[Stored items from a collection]
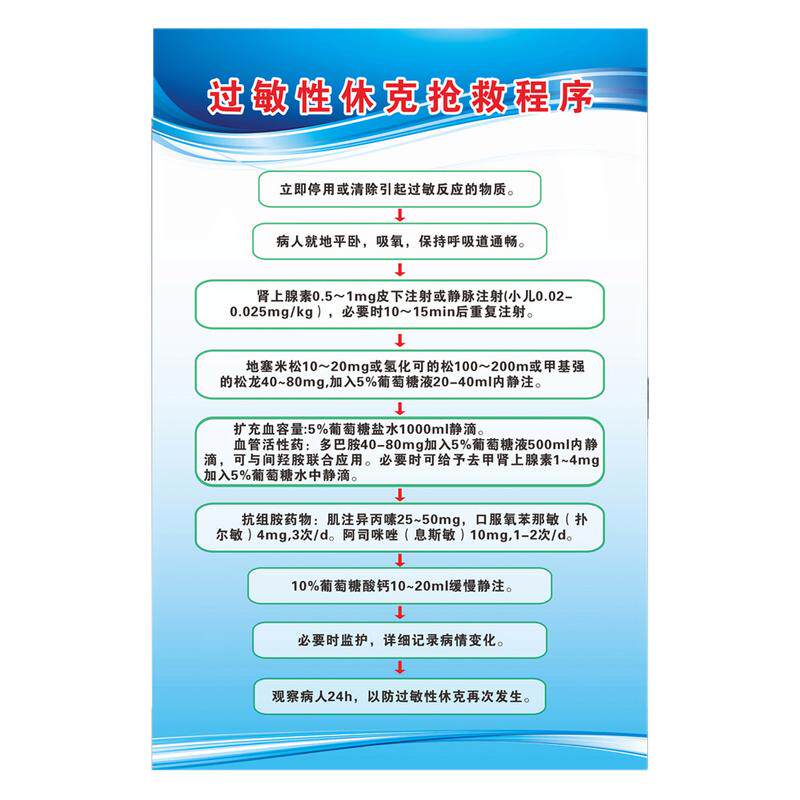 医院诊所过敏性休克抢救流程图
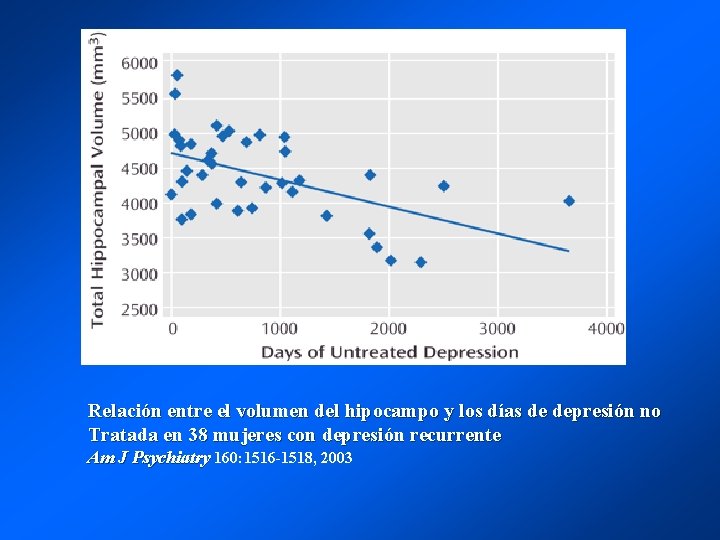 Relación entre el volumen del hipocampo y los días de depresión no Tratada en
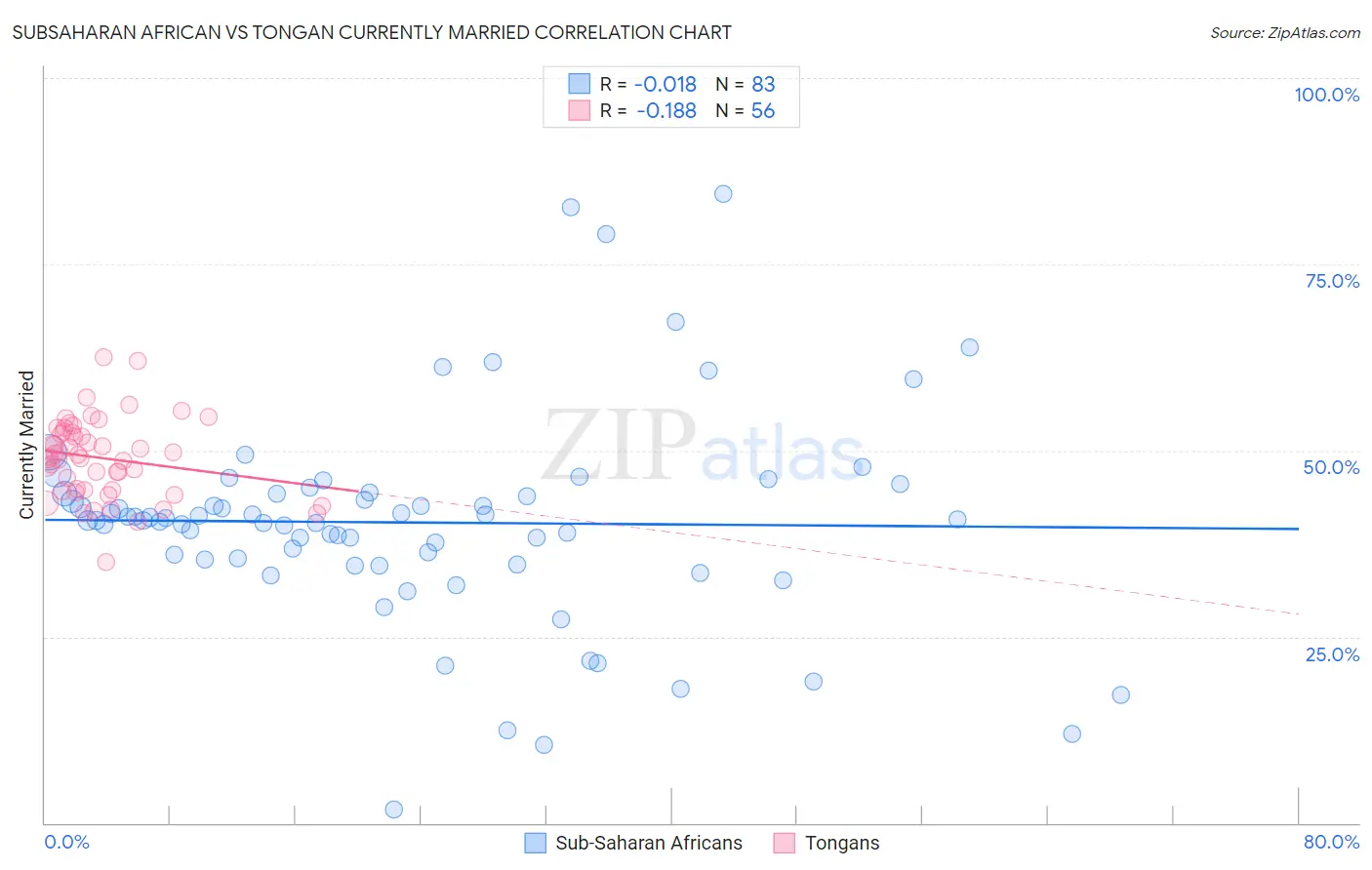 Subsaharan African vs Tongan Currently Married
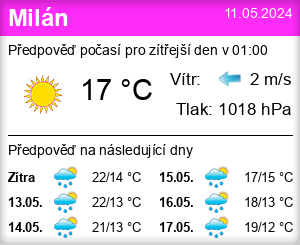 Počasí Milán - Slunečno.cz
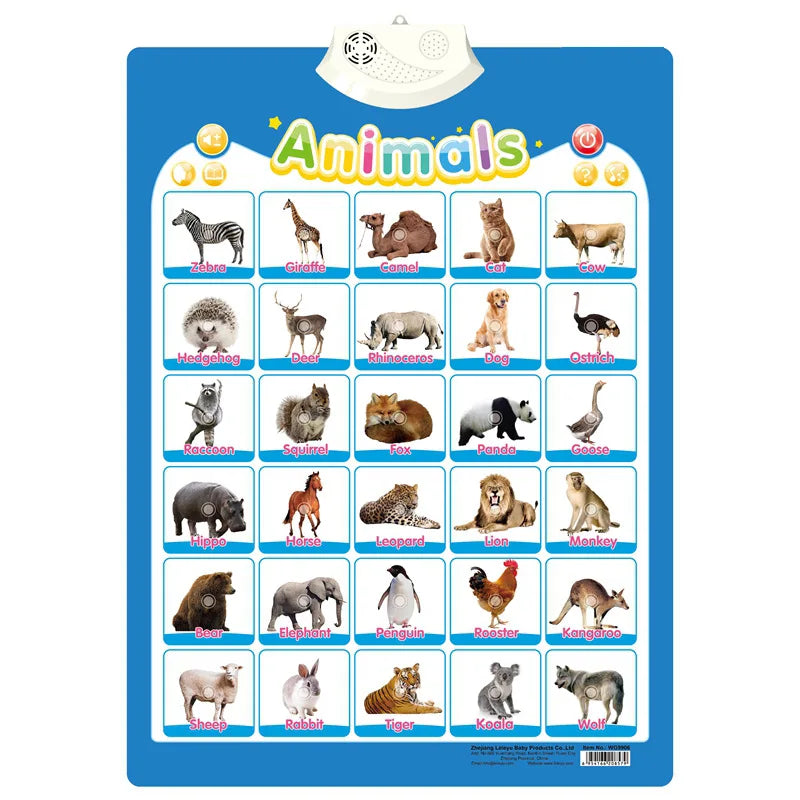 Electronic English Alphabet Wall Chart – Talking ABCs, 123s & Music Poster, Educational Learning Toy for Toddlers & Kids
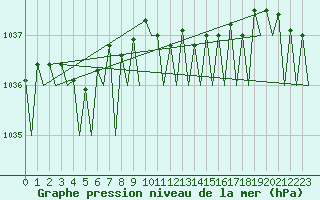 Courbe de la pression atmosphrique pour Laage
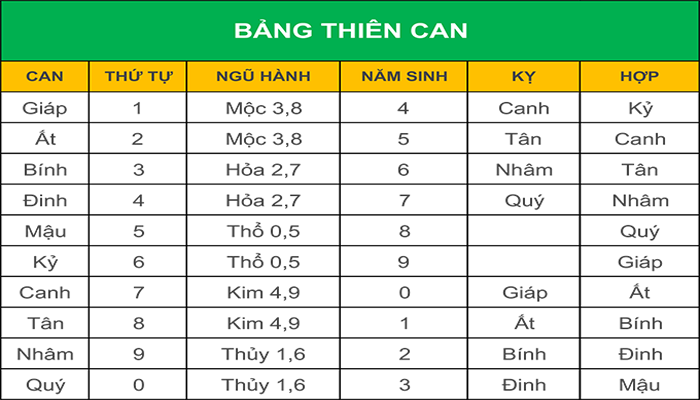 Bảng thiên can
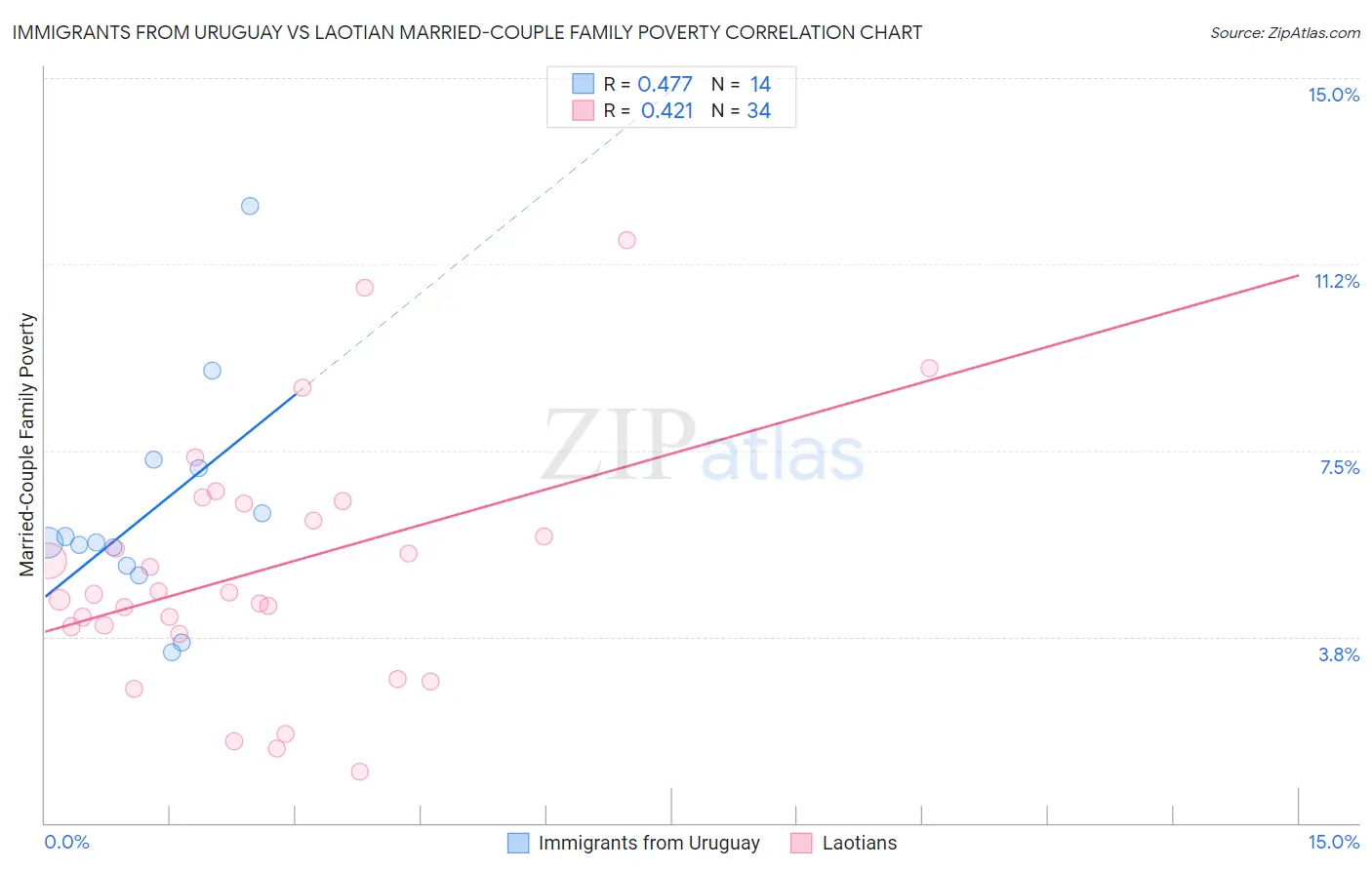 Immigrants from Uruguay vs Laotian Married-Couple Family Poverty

# Exercise:
What is needed is an exact repetition of every entry, without the pictures.

# Task output:
 医院诊所过敏性休克抢救流程图
 Relación entre el volumen del hipocampo y los días de depresión no Tratada en
 Subsaharan African vs Tongan Currently Married
 Počasí Milán - Slunečno.cz
 Electronic English Alphabet Wall Chart – Talking ABCs, 123s & Music Poster, Educational Learning Toy for Toddlers & Kids
 Courbe de la pression atmosphrique pour Laage
 Bảng thiên can
 Immigrants from Uruguay vs Laotian Married-Couple Family Poverty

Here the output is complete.